▶ _SOURCE DATA_:
***

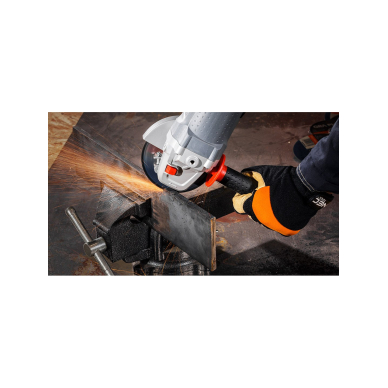 Metalo pjovimo diskai 125 x 1,0 x 22,2 mm, 41 A60-T-BF, 10 vnt. 4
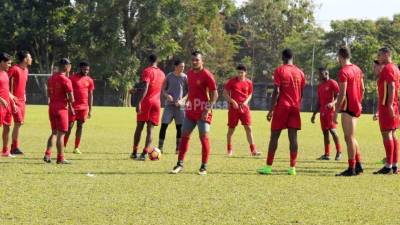 El Real España jugará amistoso ante selección de Louisiana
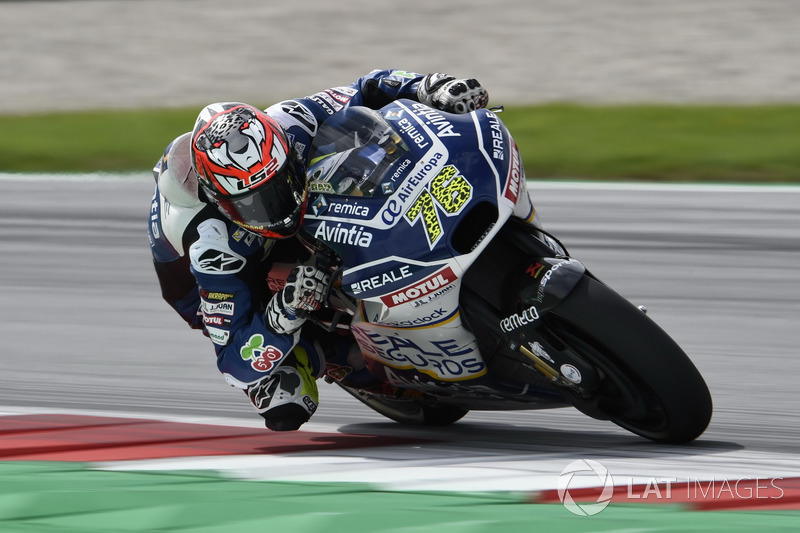 Loris Baz, Avintia Racing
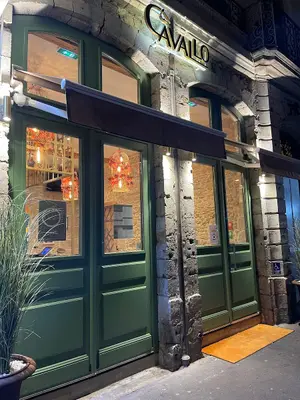 Cavallo Pizzeria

***

▶ _WHAT IS EXPECTED_:
Return exactly the lines starting at the line with "El Real España" and ending at the last line of the listing, both ends included; pictures are to be left out.

▶ _RESULT OF THE TASK_:
 El Real España jugará amistoso ante selección de Louisiana
 Loris Baz, Avintia Racing
 Cavallo Pizzeria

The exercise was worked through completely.